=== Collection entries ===
☆ ☆ ☆

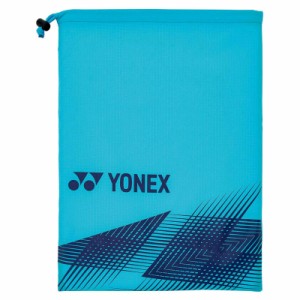 ヨネックス YONEX シューズケース テニス・バドミントン ソノ他バッグ (BAG2393)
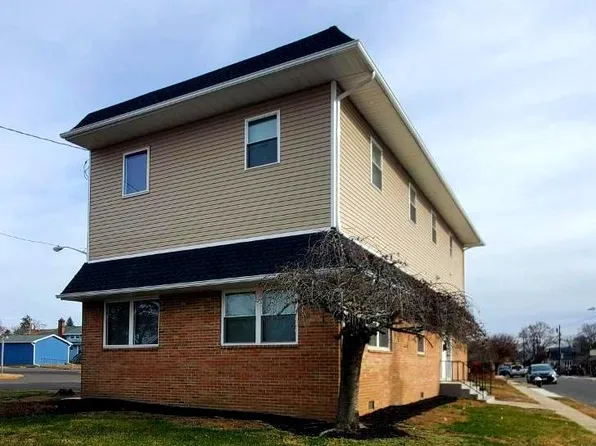 102 E Clements Bridge Rd, Runnemede, NJ 08078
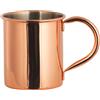 Bicchiere in acciaio 410 ml per feste raduni festivi all'aperto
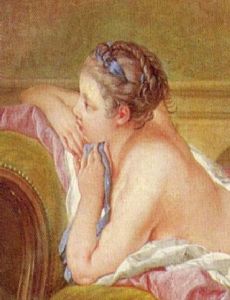 Marie-Louise O'Murphy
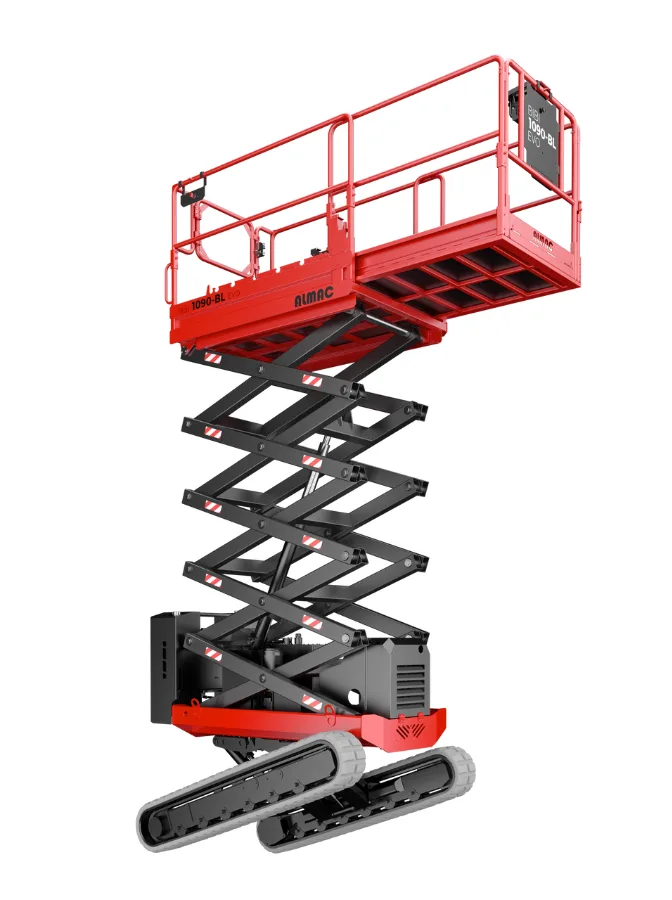 productfoto van bibi 1090 bl evo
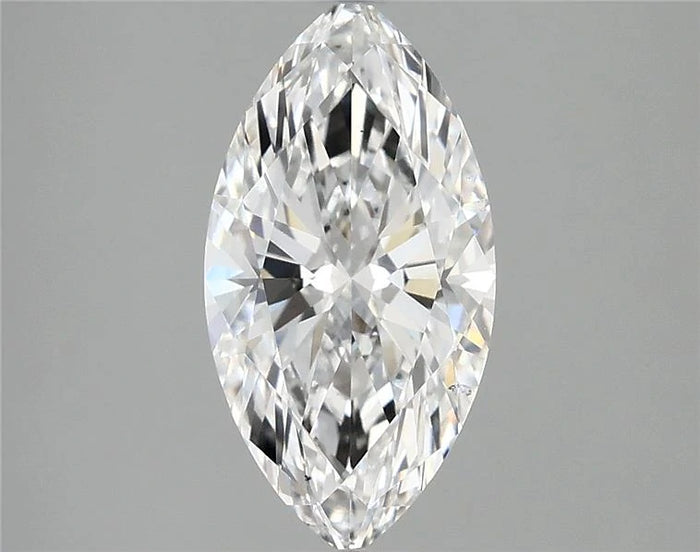 2.10 Carat · MARQUISE · D · VS2 · IGI · Excellent Cut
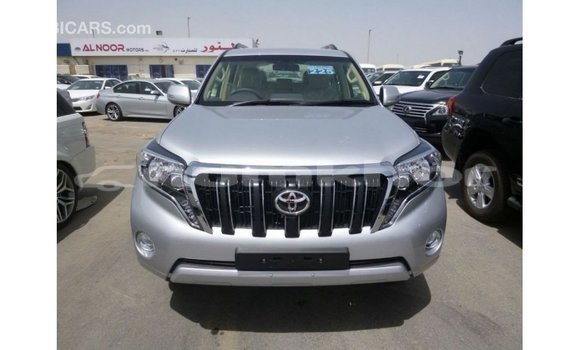 Buy Import Toyota Prado Other Car in Import - Dubai in Bumthang Buy Import Toyota Prado Other Car in Import - Dubai in Bumthang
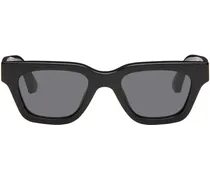 Black 11 Sunglasses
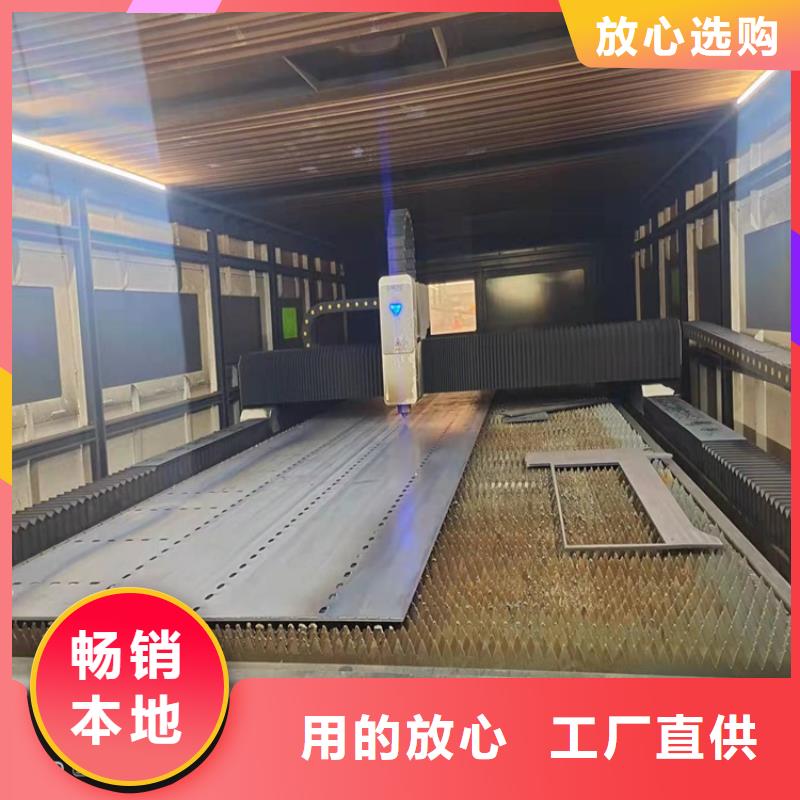 桥梁护栏-防撞护栏符合行业标准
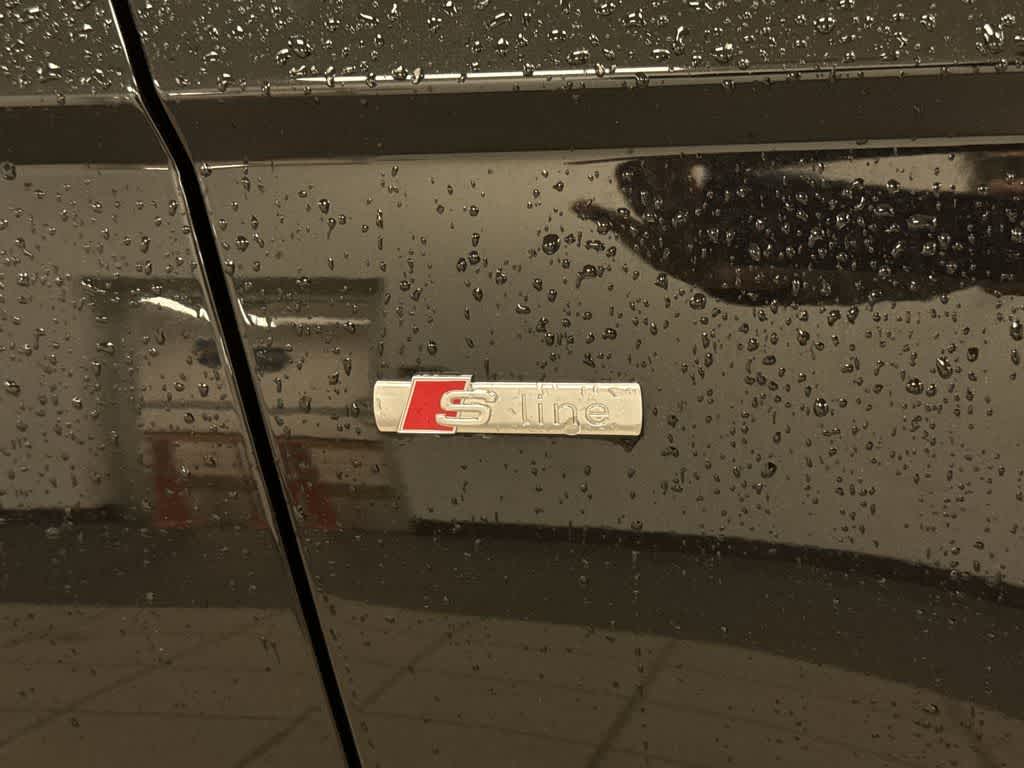 Audi A6 Premium Plus 2018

☆ ☆ ☆

=== What you need to do ===
Skip the pictures and retype exactly the lines from the one that contains "2.10 Carat ·" to the last line of the records.

=== Written reply ===
 2.10 Carat · MARQUISE · D · VS2 · IGI · Excellent Cut
 Buy Import Toyota Prado Other Car in Import - Dubai in Bumthang Buy Import Toyota Prado Other Car in Import - Dubai in Bumthang
 Black 11 Sunglasses
 桥梁护栏-防撞护栏符合行业标准
 Audi A6 Premium Plus 2018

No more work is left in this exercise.